The proposal by Henriksen and Bøvre in 1968 to transfer Neisseria catarrhalis, N. caviae, and N. ovis to the genus Moraxella has been supported by recent genetic and chemotaxonomic studies. The proposal by B. W. Catlin (Int. J. Syst. Bacteriol. 20:155-159) in 1970 to transfer N. catarrhalis to a new genus, Branhamella, has not been followed by similar proposals for the other two coccal species, although occasionally they have been referred to informally as members of Branhamella. As a compromise so as to facilitate communication between adherents to these different taxonomies, it is presently proposed to divide the genus Moraxella Lwoff 1939 emend. Henriksen and Bøvre 1968 into two subgenera—subgenus Moraxella (Lwoff 1939) Bøvre 1979 for the six rod-shaped species (Moraxella lacunata, M. bovis, M. nonliquefaciens, M. osloensis, M. phenylpyruvica, and M. atlantae) and subgenus Branhamella for the three coccal species. Strain 199/55 (= ATCC 33078 = NCTC 11227) is here proposed as the neotype strain of Moraxella (Branhamella) ovis (Lindqvist 1960) Henriksen and Bøvre 1968, Bøvre 1979.

In 1973 the author proposed the name Mycobacterium farcinogenes for the causal agent of farcy in African bovines. Two varieties (subspecies) of this species were recognized by the author: M. farcinogenes subsp. tchadense and M. farcinogenes subsp. senegalense. Because the former is the type subspecies of the species, its name should have been M. farcinogenes subsp. farcinogenes. It is now proposed that these subspecies constitute two separate and distinct species: M. farcinogenes Chamoiseau and M. senegalense (Chamoiseau) comb. nov. IEMVT 75 (= NCTC 10955) and IEMVT 378 (= NCTC 10956) are herein designated the type strains of these two species, respectively.

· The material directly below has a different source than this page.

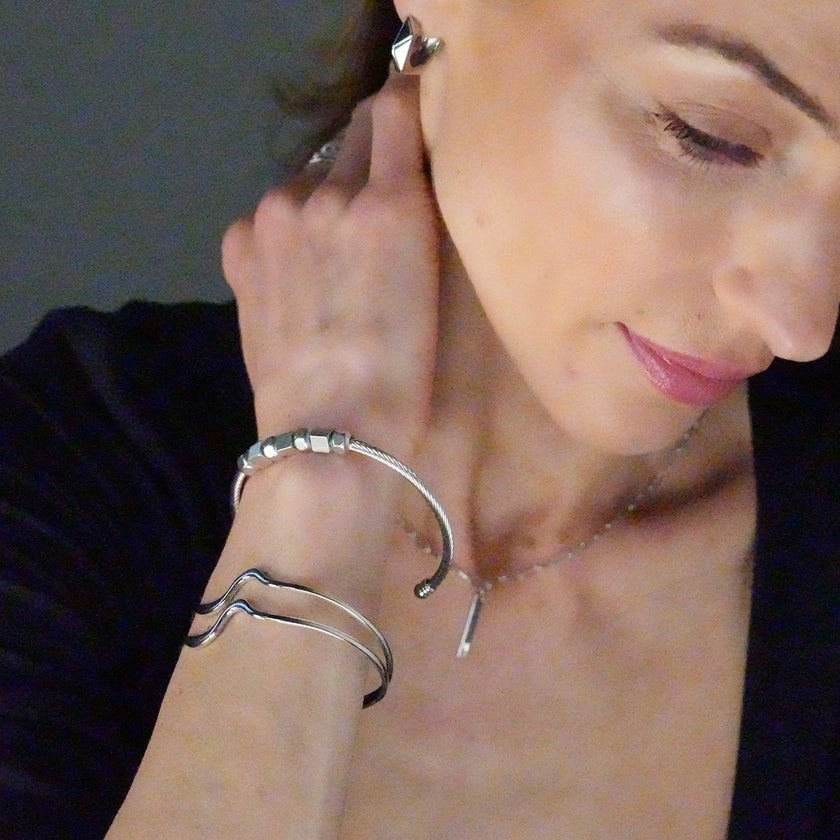 CHITRA : Bracelet au style industriel et chic avec des bandes parallèles de formes abstraites en or blanc argenté.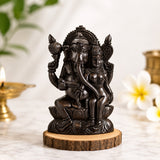 Dark metallic seated Ganapati statue on round wooden base with smaller attendant figure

Exception is taken to the classification of cyanophytes as bacteria. The fact that cyanophytes can now be grown in pure culture does not necessarily mean that their nomenclature should be dealt with by the Bacteriological Code, which, contrary to the Botanical Code, permits viable, pure cultures to serve as representatives of type strains, or that consequently they are bacteria. The question of the true nature of cyanophytes (i.e., bacterial or algal) should be discussed by both botanists and microbiologists, and the matter should perhaps be referred to the International Union of Biological Sciences for a ruling.